Elicit is an AI research assistant built specifically for academic and evidence-based research. You ask a research question in plain English, and Elicit searches 125 million academic papers using semantic understanding — finding papers that are conceptually relevant even when they do not contain your exact keywords. It then summarises each paper's findings, methodology and limitations, and lets you extract specific data points across all papers into a structured comparison table.
This is what makes Elicit genuinely different from Google Scholar. Scholar finds papers matching keywords. Elicit understands research questions and finds papers that address them, even when terminology differs across studies. For a systematic review or literature review, this difference is significant — you find papers you would otherwise miss.
The data extraction feature is Elicit's most powerful capability for systematic reviewers. Define the columns you need — sample size, population, intervention, outcome, effect size — and Elicit extracts this information from each paper and populates a table. A task that takes researchers hours of manual reading and data entry can be done in minutes.
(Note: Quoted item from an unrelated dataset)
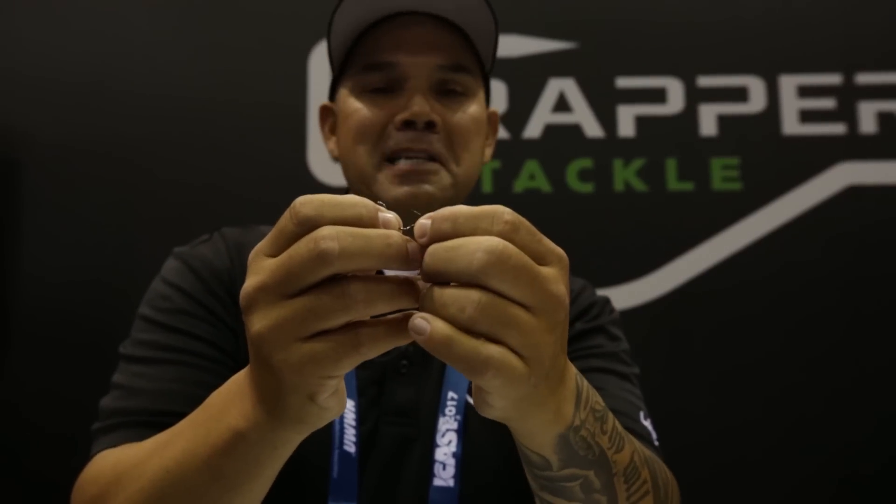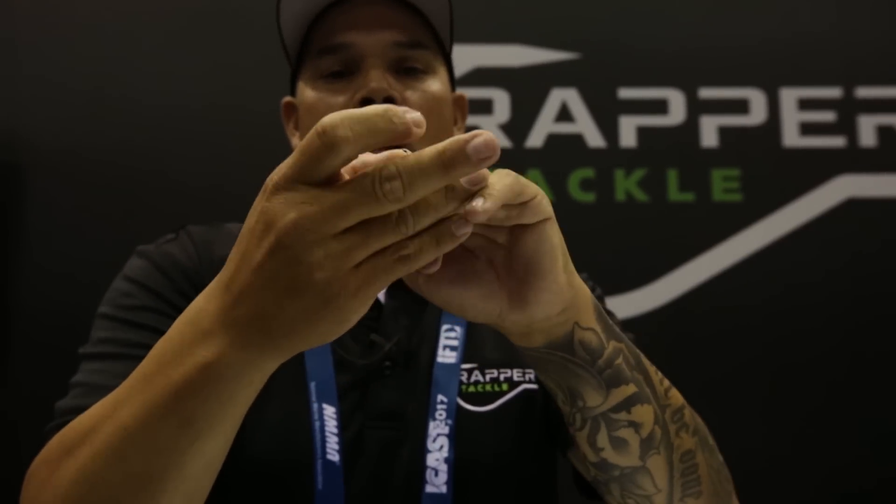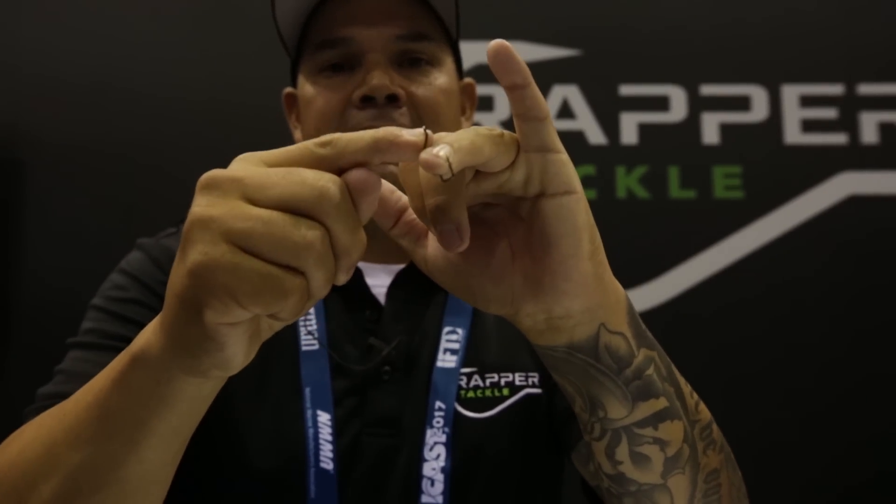What it's used for is simply to create a locking mechanism within the fish's mouth. This is not to keep the fish there, but the second 90 within the hook is actually designed to lock in, so there's no canter back and forth.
Graduate students and academics conducting literature reviews and systematic reviews. Evidence synthesis professionals in healthcare, public health and policy. Industry researchers in life sciences, technology and social sciences who need to stay current with academic literature. Anyone doing formal research who needs to survey a field systematically rather than read selectively.
Elicit is a discovery and extraction tool. It finds papers and extracts data from them. For synthesising what you have found, upload papers to NotebookLM. For quick evidence-backed question answering, use Consensus.
Go to elicit.com and sign up free. You receive 5,000 one-time credits — enough for a substantial research project. Enter your research question in the search bar. Elicit returns the most relevant papers in a table. For each paper you can view: abstract, methodology summary, key findings, limitations. Click any paper to expand it and ask follow-up questions about its contents.
Use semantic search, not keywords. Elicit's strength is understanding research questions. Enter a full question — "Does mindfulness meditation reduce anxiety in adults with generalised anxiety disorder?" — not just keywords like "mindfulness anxiety". The fuller question produces better results.
Verify AI-extracted data. Elicit's data extraction is fast and usually accurate, but always verify extracted values against the original paper for any figure you will cite. Particularly check: sample sizes, effect sizes, and statistical significance values.
Elicit is built by Ought, a nonprofit research organisation. Per Elicit's official website, the tool searches 125 million papers from Semantic Scholar and other academic sources, using semantic similarity matching based on large language models to find relevant papers beyond keyword matching. The tool is used by over 2 million researchers.